HomeNewsArchivesGovernor Submits Bill to Keep Health Insurance from Lapsing

Governor Submits Bill to Keep Health Insurance from Lapsing

Sept. 17, 2008 — Legislation submitted by the governor earlier this week seeks to renew the government's health-insurance plan, which has jumped from an overall cost of $96.5 million to $103.8 million for fiscal year 2009.
The current health-insurance package — for which the government covers 65 percent of premium costs while employees pick up the remaining 35 percent — expires at the end of the month. To avoid a gap in employee health-insurance coverage, senators have to renew the contract within the next couple weeks so the proposed plan can go into effect by Oct. 1.
An effort to meet all legal requirements laid out in the V.I. Code caused delays in the renewal process, deJongh said in a letter to Senate President Usie R. Richards sent Tuesday along with the bill.

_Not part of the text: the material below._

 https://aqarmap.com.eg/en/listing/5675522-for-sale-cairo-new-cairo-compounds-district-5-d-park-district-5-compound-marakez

"As you are aware, any health insurer contracting to provide coverage for employees of the government of the Virgin Islands must do so through a preferred provider organization (PPO) in the Virgin Islands," the governor explained. "In this instance, CIGNA has been negotiating separate agreements with the only preferred provider organization in the territory, V.I. Equicare Inc."
Difficulties in resolving various issues related to the agreement prevented the government's Health Insurance Board from hammering out its contract with CIGNA, the deJongh wrote.

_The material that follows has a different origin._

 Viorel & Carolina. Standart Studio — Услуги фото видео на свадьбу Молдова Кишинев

The governor and some of his senior staff members met in August with members of the Health Insurance Board, along with V.I. Equicare and CIGNA representatives, to help iron out the issues and finalize an agreement.
"I am pleased to state that the parties did resolve their contentions and I now present to the 27th Legislature the second renewal agreement," deJongh wrote to Richards.
Under the renewed plan, the government will spend the most on medical and prescription drug benefits
"For the fiscal year ending Sept. 30, 2008, it is estimated that total annual cost for this coverage will have totaled $96.5 million — of which the government will have paid 65 percent and employees/retirees will have paid 35 percent," deJongh wrote. "For FY 2008, we are now recommending a $7.3 million increase to $103.8 million. The payment percentages between the government and employees/retirees remain as is, bringing the government's increase to about $4.8 million."
Dental benefits are the second-highest cost, he said.
"For the fiscal year ending Sept. 30, 2008, it is estimated that total annual cost for this coverage will have totaled $3.6 million," deJongh said. "For FY 2009, we are recommending an increase to $3.7 million. Since the payment percentages between the government and employees/retirees remain as is, the government's increase is $125,000."
The dental-insurance agreement does not require Senate approval since there were no changes made to the plan for FY 2009, according to deJongh.